The priority of Antique medicine reigned with the rule of the Roman Empire. The breakdown of the Roman Empire was followed by the early (5-10th centuries AD), then the developed (11-15th centuries) and, finally, the late Middle Ages (15-17th centuries) characterized by development and generation of a new social economic structure - feudalism.
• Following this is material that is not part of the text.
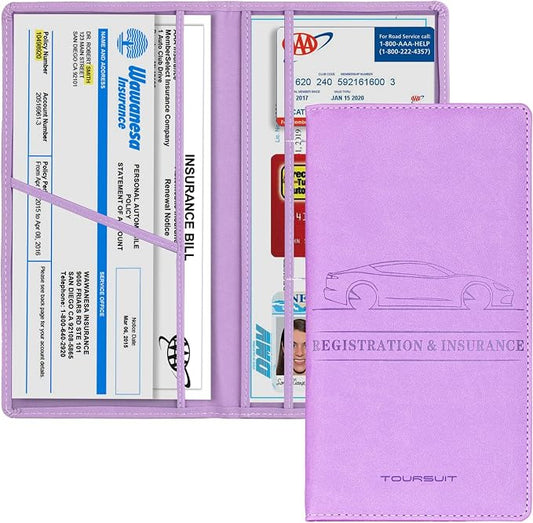 TOURSUIT Car Registration and Insurance Card Holder, Vehicle License Document Glove Box Compartment Organizer, Interior Car Accessories for Women Men (Purple)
In different countries, this social and economic system was formed at different times but within the indicated era it culminated in bourgeois revolutions in Europe in the middle of the 17th century.
Byzantium was the successor of antiquity and, first of all, the Eastern Roman Empire, which lasted 1,000 years longer than the Western one destroyed by the raids of barbarians. Byzantium took its name from a small town in Asia Minor, Byzant, whereto Emperor Constantine the Great, who adopted Christianity as the religion of the Empire, transferred the capital from Rome. Later, this rapidly developing city occupying an advantageous geographical location on the shores of the Bosporus, became known as Constantinople, and still later, following the capture of Byzantium in 1453 by the Turks, the founders of the Ottoman Empire, was called Istanbul1. Byzantium, like Rome before, started constructing magnificent temples, of which the largest, still preserved, was the Santa Sophia Church (Hagia Sophia), which later became the main
mosque when Turks conquered Constantinople, the same as all other temples that still decorate Istanbul. Since Byzantium (Constantinople) did not have enough sources of drinking water, aqueducts were built in the city. For example, a two-story aqueduct 36 m high and 140 m long built under Emperor Justinian and underground freshwater storages, some of which are still in use.